Yes, I agree there is more to life than being happy, but in the article Ms. Smith conflates happiness with a relentless pursuit of selfish pleasure.  What a sad, narrow-minded and ultimately ludicrous interpretation of happiness.  Happiness is a state of being; a combination of contentment, joy and celebration of life in all its ups and downs.

Ms. Smith’s article is primarily about Viktor Frankl’s seminal book, Man’s Search for Meaning, and its core thesis that life only has value if it has meaning, and happiness does not give life any value or meaning.  Frankl asserts that those who survived the Nazi concentration camps did so because they managed to find meaning in their lives, and that gives “meaning” a higher value to humanity than happiness.

This suggests that suffering has some noble purpose that happiness does not have.  If you go through your whole life only being happy, your life will have no meaning, according to Smith.  This is simply wrong, but more importantly, suffering and happiness are not mutually exclusive.  You can survive immense difficulties and still remain a happy person.  That is the reason I wrote Happiness as a Second Language, to provide a series of guidelines and exercises for people who want to teach themselves how to be happy, regardless of their circumstances.

The geniuses who wrote the Declaration of Independence recognized that all humans are endowed by our creator with certain inalienable rights — the right to life, liberty and the pursuit of happiness.  Not the pursuit of meaning, or security, or profit, or any other less lofty goals.  We have the right to pursue happiness.  I believe that is the greatest gift mankind was ever given, and I am not going to squander it by searching to find meaning in my own and other’s suffering.  I will embrace and grow my happiness, regardless of what challenges the world throws at me.  I hope you do the same.  Life is much better (and probably more meaningful) when you’re happy.

2 Responses

  1. I am a generally happy person, sometimes despite circumstance, which I attribute in great measure to my mother. She’s been gone twelve years this week, but I remember more than anything else that she was happy – despite suffering for decades from both diabetes and multiple sclerosis (not to mention the financial difficulties attendant to chronic illness). And this, after losing her mother when she was fourteen, her duties as surrogate mother to her siblings, and her own out-of-wedlock pregnancy in a time when it was considered a shame. This is not to say that she didn’t have times of sadness and depression – she would have had to be mental not to. But, on the whole she woke up every day happy, and grateful for what she had. So you are right, Val – suffering and happiness are not mutually exclusive. In fact, I think that Frankl had it backwards – if you can let go of the idea that suffering has any meaning at all, you transcend it and in doing so are rooted in the moment, in who you really are and what you really have, and this can actually lead to ever deeper levels of happiness than had you never suffered at all.

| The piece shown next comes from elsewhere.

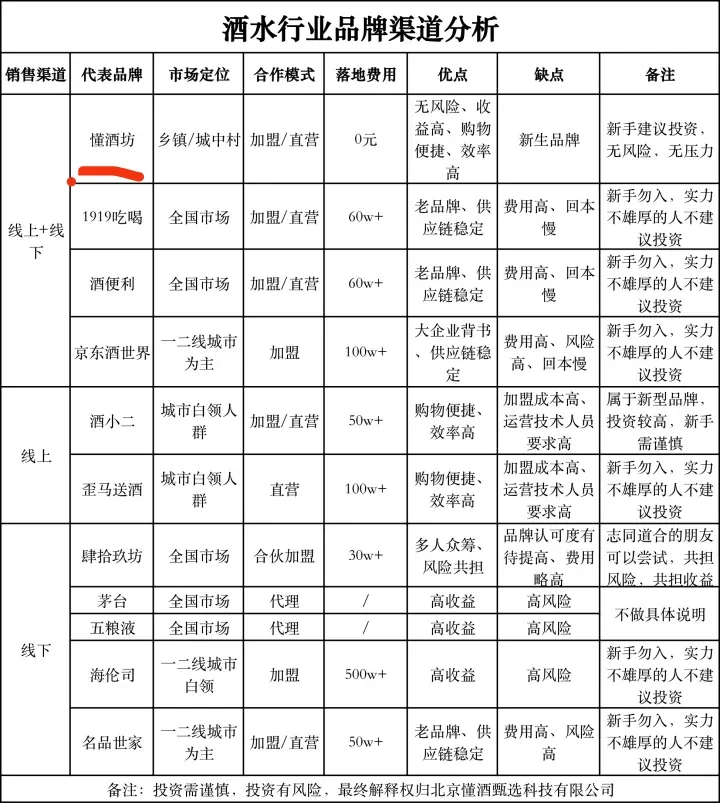 酒水行業(yè)渠道分析報(bào)告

    My mother was a living example of this, and that was her greatest gift to me.

  2. Karen,
    Thank you so much for sharing this beautiful story of your mom. It is a testament to a life well-lived that what you took from her was an understanding of how to find happiness at all times, even when the forces of nature seem to be working against it. I am sure that she knows how happy you are, and that is your greatest gift to her.